Work to complete
Transcribe each entry exactly, without pictures.

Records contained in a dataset
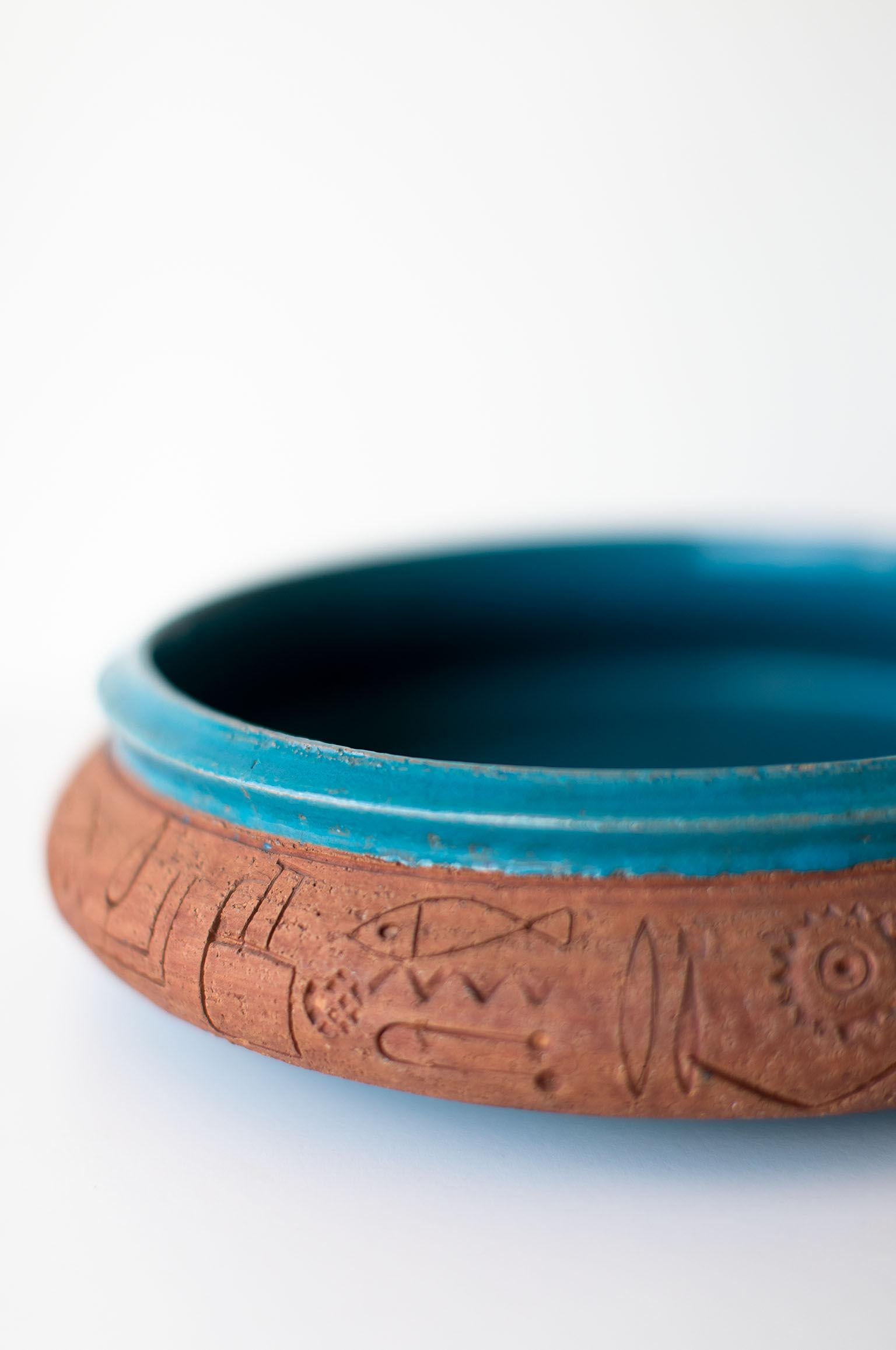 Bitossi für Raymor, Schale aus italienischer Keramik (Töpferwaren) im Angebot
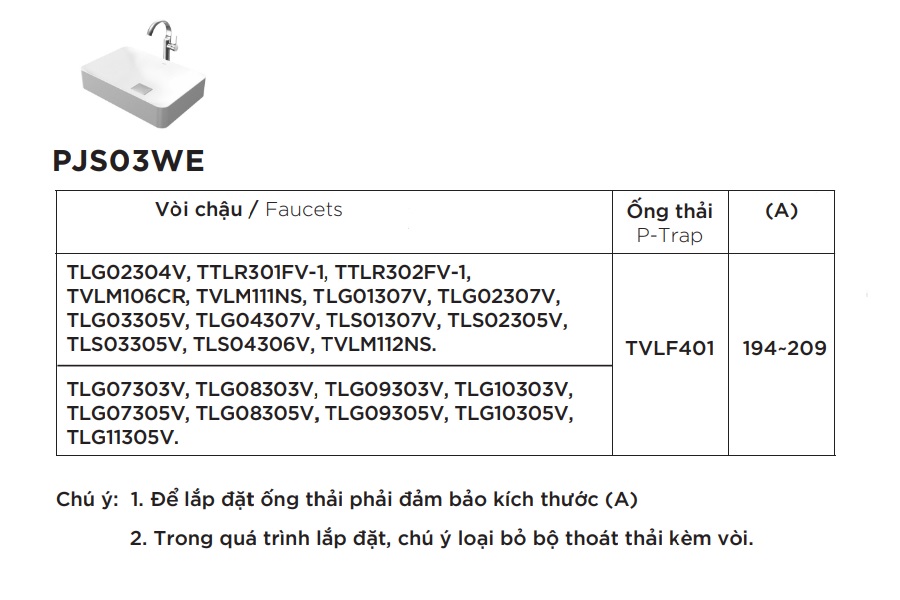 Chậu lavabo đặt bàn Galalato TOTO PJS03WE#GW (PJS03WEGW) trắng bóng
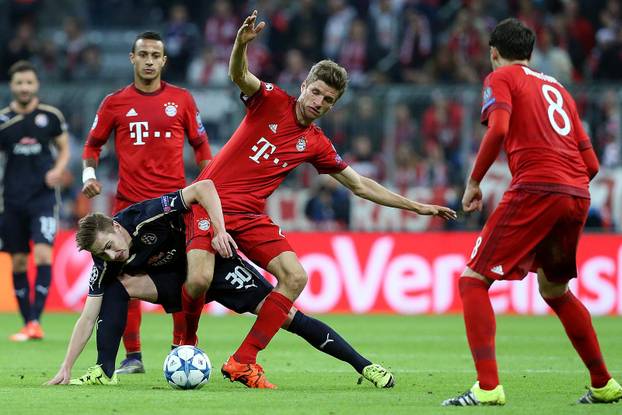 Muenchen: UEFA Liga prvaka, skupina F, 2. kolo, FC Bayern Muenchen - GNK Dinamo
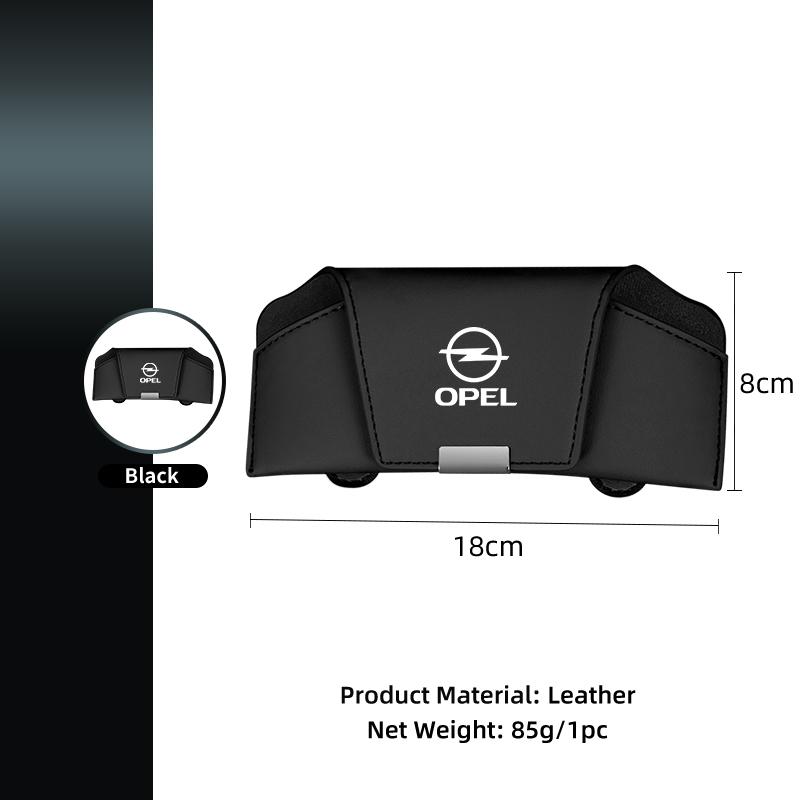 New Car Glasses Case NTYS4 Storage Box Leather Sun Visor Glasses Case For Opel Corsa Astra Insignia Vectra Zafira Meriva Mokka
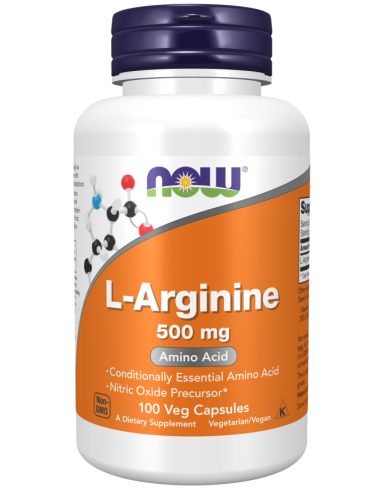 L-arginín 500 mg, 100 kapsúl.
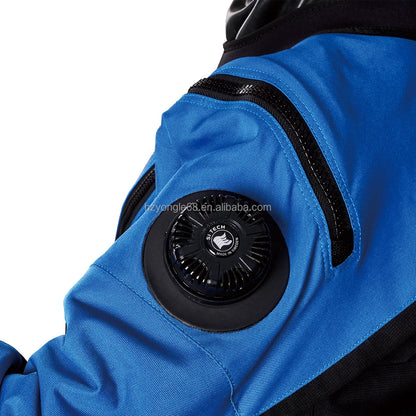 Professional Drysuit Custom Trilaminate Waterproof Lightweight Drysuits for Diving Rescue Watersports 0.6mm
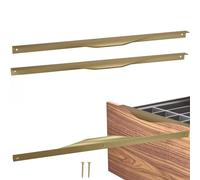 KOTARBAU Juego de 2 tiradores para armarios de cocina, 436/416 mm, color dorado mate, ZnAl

Reply to the task
 Bitossi für Raymor, Schale aus italienischer Keramik (Töpferwaren) im Angebot
 Chậu lavabo đặt bàn Galalato TOTO PJS03WE#GW (PJS03WEGW) trắng bóng
 Muenchen: UEFA Liga prvaka, skupina F, 2. kolo, FC Bayern Muenchen - GNK Dinamo
 New Car Glasses Case NTYS4 Storage Box Leather Sun Visor Glasses Case For Opel Corsa Astra Insignia Vectra Zafira Meriva Mokka
 L-arginín 500 mg, 100 kapsúl.
 Professional Drysuit Custom Trilaminate Waterproof Lightweight Drysuits for Diving Rescue Watersports 0.6mm
 KOTARBAU Juego de 2 tiradores para armarios de cocina, 436/416 mm, color dorado mate, ZnAl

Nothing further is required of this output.